Introduction

My wife and I were enjoying an evening with four other couples. It was several days after Super Bowl 40 where the Pittsburg Steelers had defeated the Seattle Seahawks for the NFL championship. After the guys had thoroughly discussed the game itself the subject turned to the Super Bowl commercials. Here the ladies joined in, giving their opinions along with their husbands. Finally one of our friends noticed my silence in that part of the conversation and asked, “What about you, Bill. Which commercial did you like best?”

 

I had been waiting for that moment. “Didn’t anyone notice?”

 

Puzzled faces stared at me. “What do you mean?” The question was returned in concert.

 

“Didn’t…Anyone…Notice?” I put emphasis on each word. Of course, I knew they hadn’t noticed. I just wanted to set up the conversation for my explanation. “I made the Super Bowl!” I said with pride.

 

These were close friends, and they knew I was getting ready to make a point.
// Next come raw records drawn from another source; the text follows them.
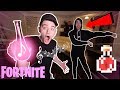 (Insane) Ordering DANCING Potion from the Dark Web and using it on ImJayStation!! (It Worked)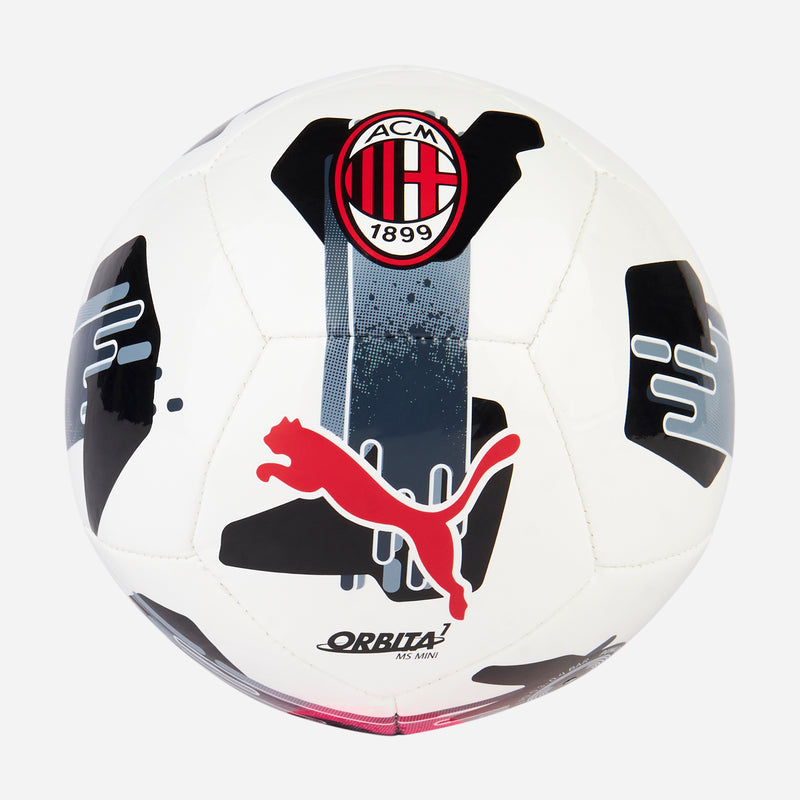 AC MILAN PUMA ORBITA 7 MS MINI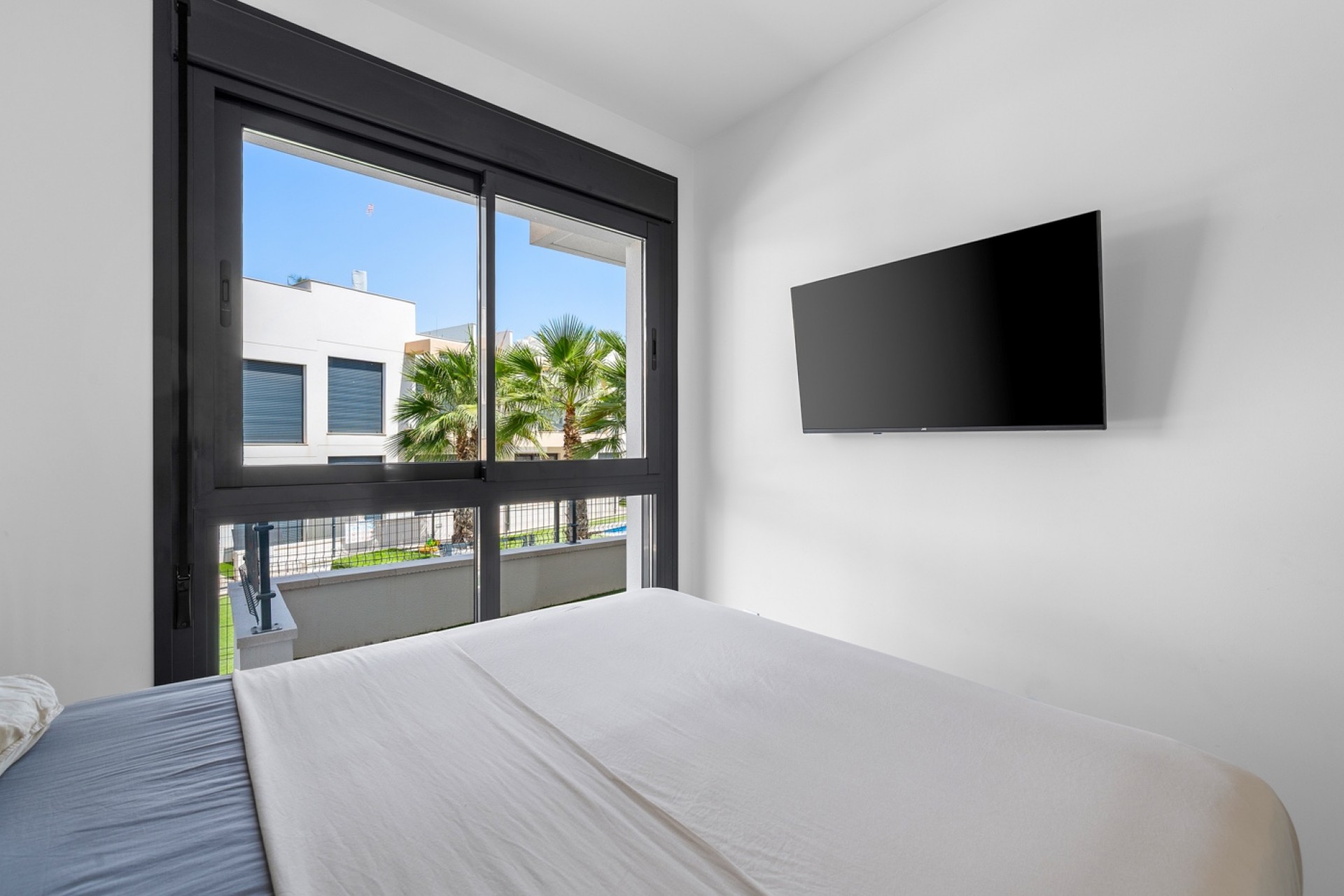 Wiederverkauf - Apartment -
Orihuela Costa - Villamartín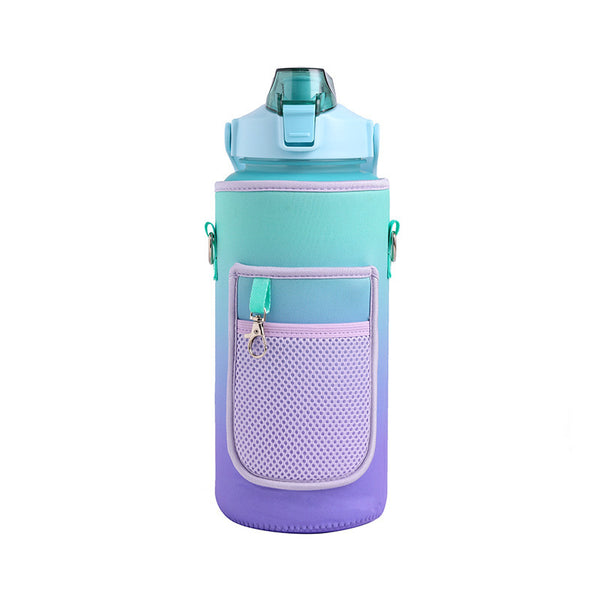Water Bottle Protective Cover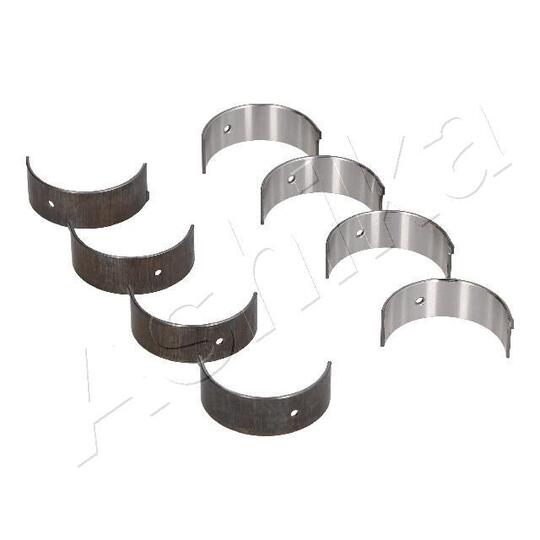 82-2405A - Big End Bearings 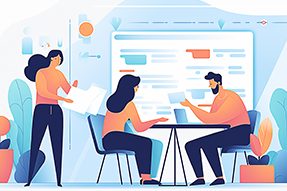 每日分享：高端猎头服务，为企业寻觅行业翘楚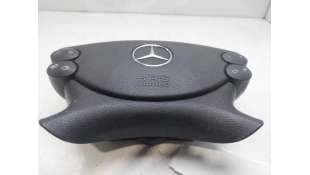 AIRBAG DELANTERO IZQUIERDO MERCEDES-BENZ CLASE E (2005-2008) E 280 CDI (211.020) 190CV 2987CC - L.8347610 / 2118601302 2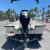 2007 Boston Whaler fuel injected four stroke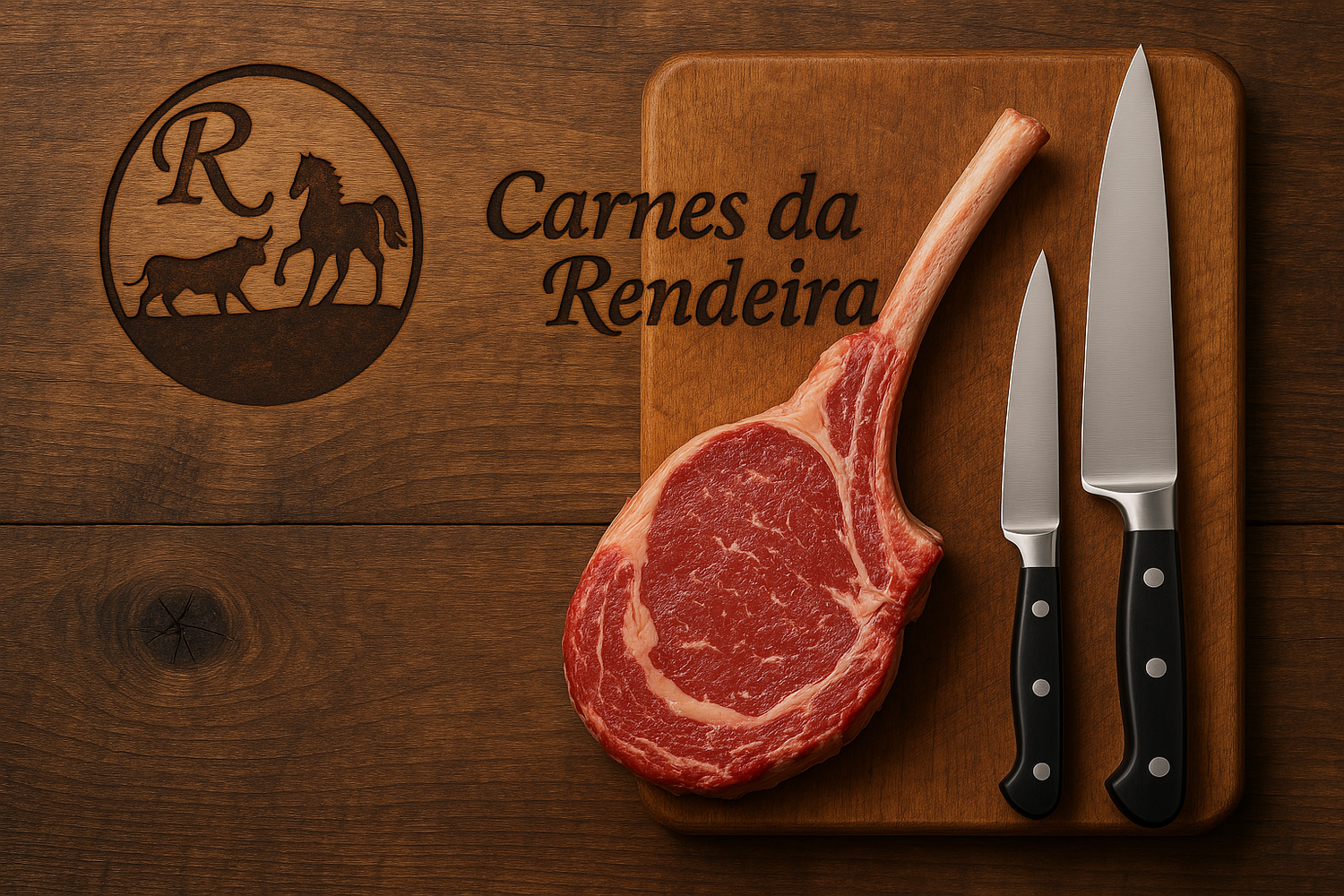 Wagyu Japonês, Australiano e Black Angus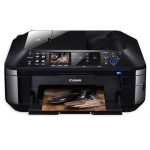 Canon Pixma MX880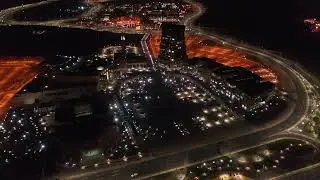 جامعة الملك خالد.. المدينة الجامعية بالفرعاء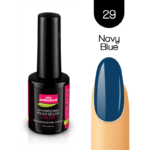 Zellak Ημιμόνιμο Βερνίκι Νο29 Navy Blue 15ml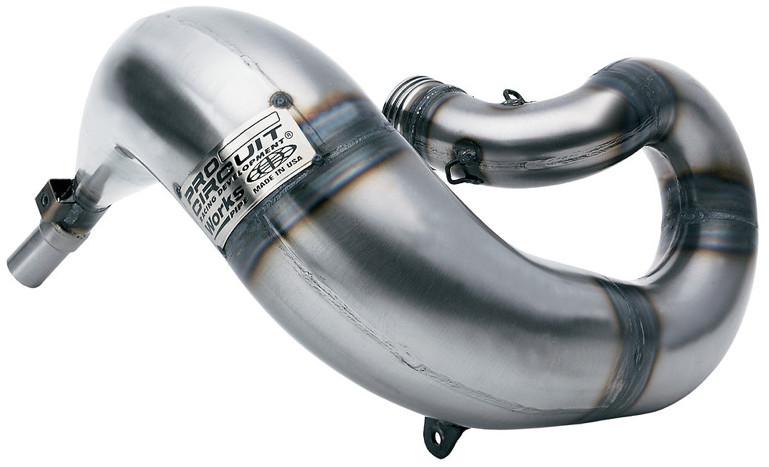 Pro circuit works exhaust pipe - yamaha yz 250 - 2002-2013 _py05250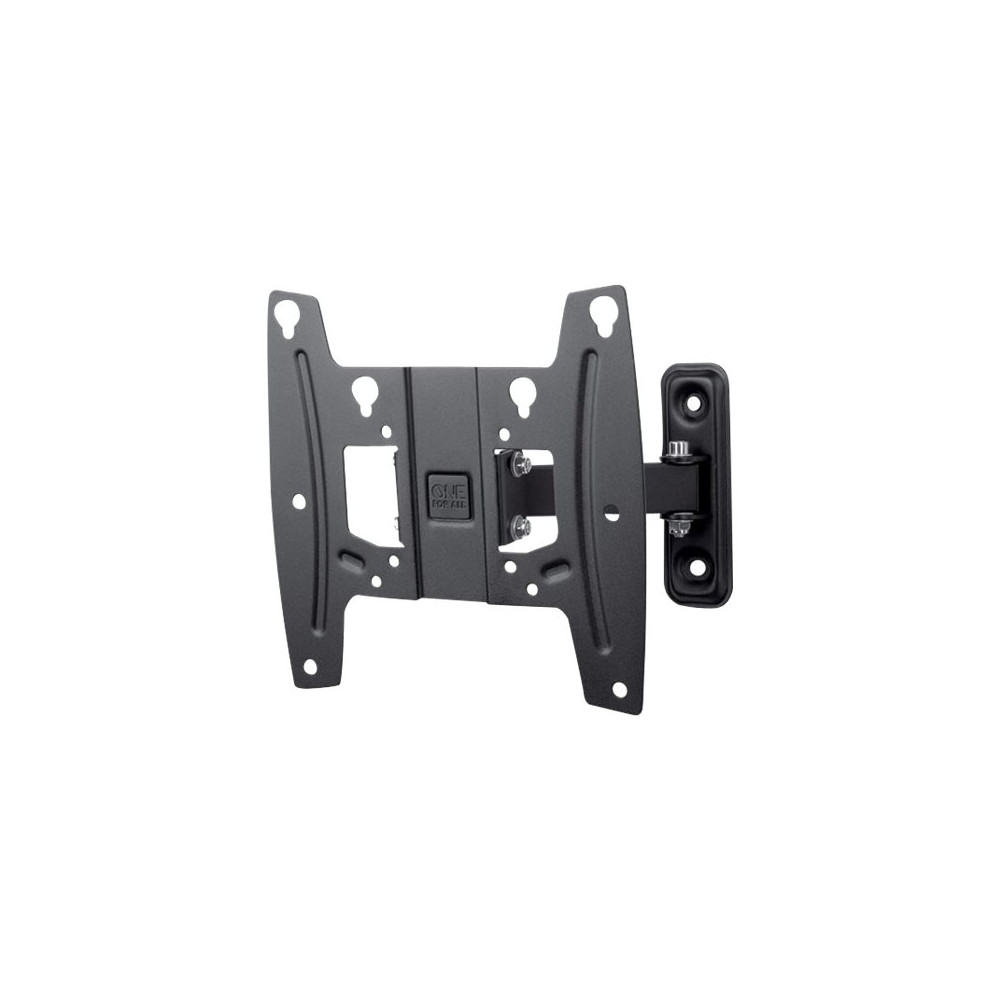 Produktbild för One For All SOLID WM 4241 konsol - justerbar arm - för LCD-TV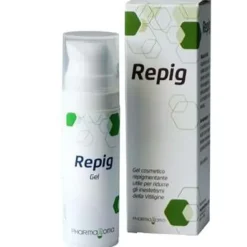 Repig Gel 30 grammi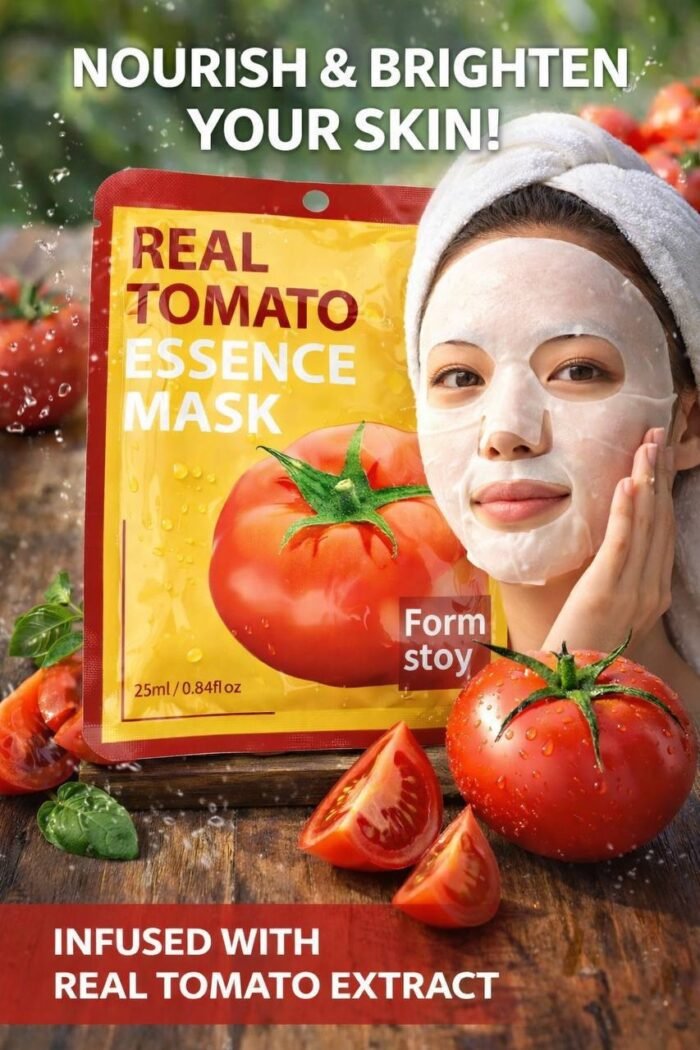 MOOHYDRATION,MOISTURIZING AND ANTI AGING FACE MASK - Image 2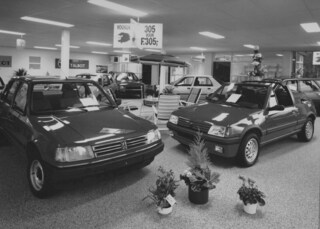 Autobedrijf A. Zieleman en Zn. B.V. (Bosch Car Service)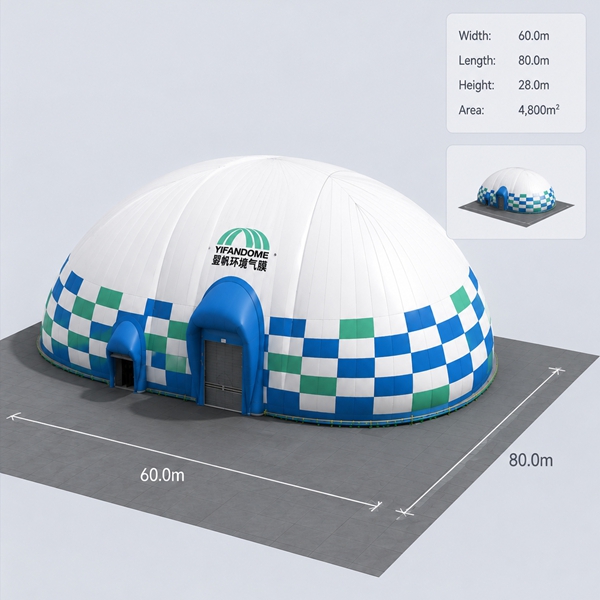Yifan Air Dome 3D Model.jpg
I was confident they had failed to connect me with the Super Bowl commercial that had given me a great deal of pride. I just wanted to point out to them they had missed something they shouldn’t have.

 

“We don’t get it. How did you make the Super Bowl?”

 

“Didn’t you see the Sharpie Commercial? I made the Super Bowl! I did it in my own way and in my own profession.”

 

In fact, there had been a Sharpie Commercial during the Super Bowl.  Sanford had recently packaged the Sharpie with a retractable feature giving it a function much like a ball point pen. This was many years after my involvement with the product. But still, the overall success of the Sharpie had prompted this expansion into a new market. This was still my Sharpie.

 

Puzzlement was immediately replaced on the faces of my friends with expressions of enlightenment, and then came the “Oh yeah….that’s right. You were part of the team that developed the Sharpie, weren’t you!”

 

“That’s right”. I replied. “And when I saw that commercial, well, …I was very proud. In my own way and in my own career, I made the Super Bowl, just like the players in the game. Even if it was a new package for an old product, it is still my baby.”

 

I didn’t realize the significance of what I had accomplished at that time in my career when I did my share of work on the development of the Sharpie Marker. But I’ve been proud of that product for a long time. I’ve watched as entertainers, athletes and even Presidents casually pull their Sharpie from their pocket and sign autographs. In the pop movie classic The Terminator, a story set many years in the future, the writers created a scene where the hero reaches into his pocket during a critical moment, takes out his Sharpie, and marks on something. Just what, I don’t recall, but it isn’t important. If science fiction writers can be believed, my Sharpie will be around for thousands of years.

 

I have been in Europe and Asia, and noticed Sharpies in use everywhere. I learned to approach a new business opportunity by walking into an office in another part of the world and looking for the Sharpie lying on someone’s desk. “Oh”, I would say, being a little deceitful by pretending to be surprised. “I see you are using a product that I developed.” It was a great conversation starter.

 

No, the product was not my personal brain child. There were several people who share credit for this product. First and foremost there was Charles Lofgren, the President of Sanford Ink Company when Sharpie was developed. And then there was Francis Gilbert, the executive Vice President of the company, and the man who turned Charlie’s dreams into marketable realities. There was also Walt DeGroft, the Manager of New Product Development, and someone with a most unlikely background for the position he held. Ted Jenses was manager of the machine shop when the Sharpie was patented, and his name is included on the patent.  And then there was me, Bill Green, an ambitious young chemist fresh from the University of Iowa.

 

Together we made it happen. And as I think back on that part of my life, I indeed take great pride in what was accomplished. The Sharpie has been produced and sold for many years now. It has provided many jobs right here in America. Many of my personal friends from those days spent their entire careers producing and selling Sharpies, and are now enjoying retirement funded by Sharpie’s success. I like to brag that more people have used the Sharpie than have watched Michael Jordan play basketball, both live and on television.

 

And now, looking back on what happened and who made it happen, I am finally beginning to realize the significance of it. A small group of men in a small private company developed and produced a product that is what it is today, a product that has been used by almost all Americans old enough to do so. It has become a piece of Americana.

 

I also realize that the Sharpie story is a story of some colorful men with very diverse personalities who blended their differences with their talents to create success. There is a lesson here for all f us today. Our story should not die, and I am the only one left who can tell it.